• _The data_
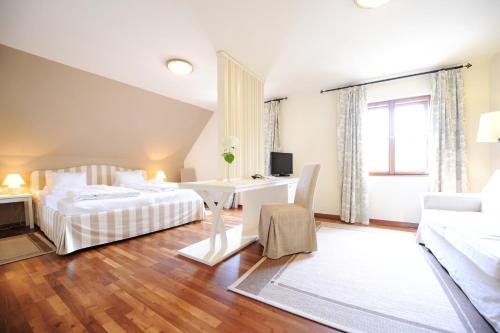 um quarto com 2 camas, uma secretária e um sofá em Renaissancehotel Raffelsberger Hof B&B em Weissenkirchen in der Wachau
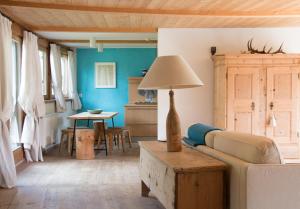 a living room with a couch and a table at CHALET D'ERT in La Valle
==
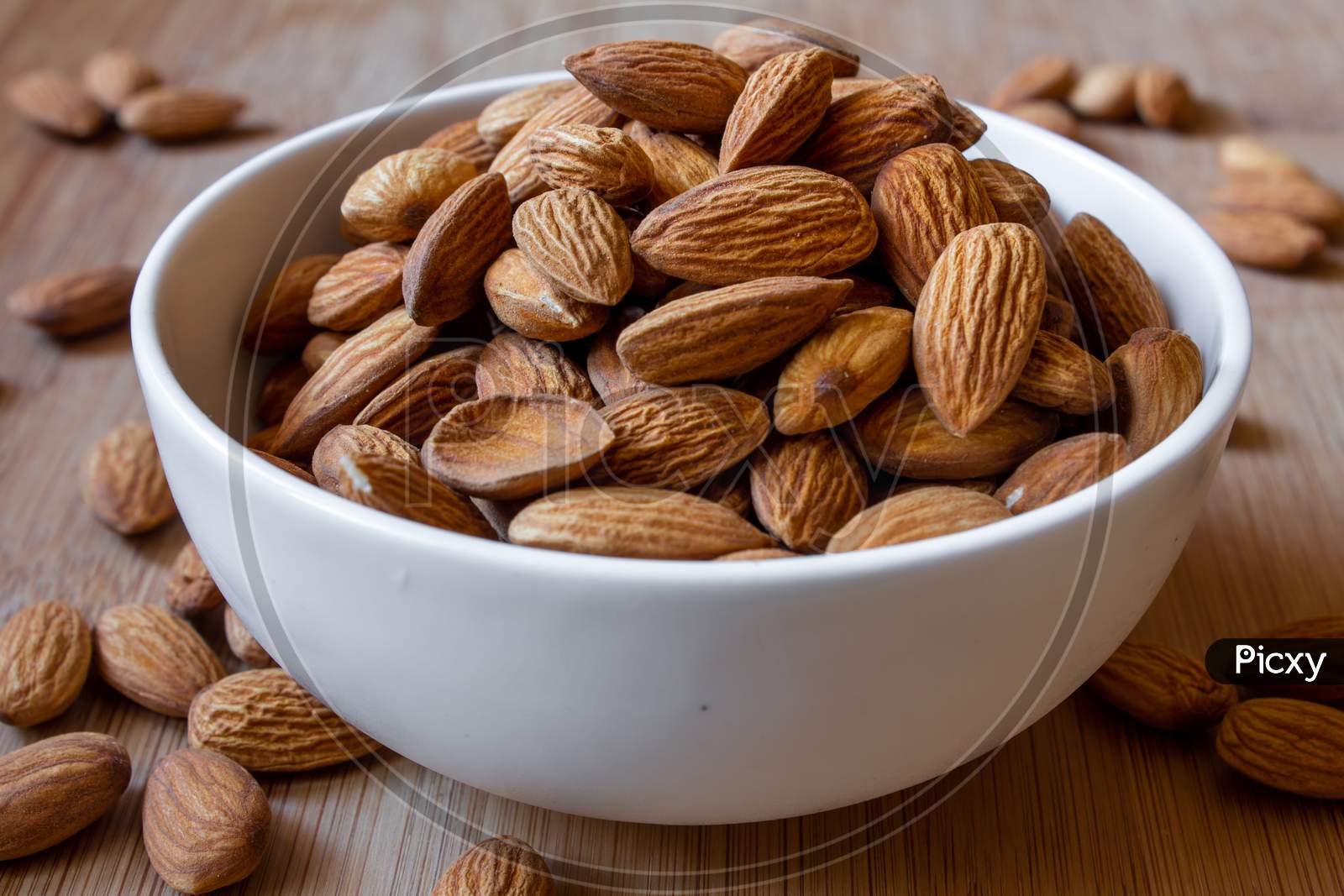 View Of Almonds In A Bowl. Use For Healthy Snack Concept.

• _What is needed_
"um quarto com" marks the first line to copy, and "a living room" marks the last. Repeat that stretch above exactly, with no pictures.

• _Response for this exercise_
 um quarto com 2 camas, uma secretária e um sofá em Renaissancehotel Raffelsberger Hof B&B em Weissenkirchen in der Wachau
 a living room with a couch and a table at CHALET D'ERT in La Valle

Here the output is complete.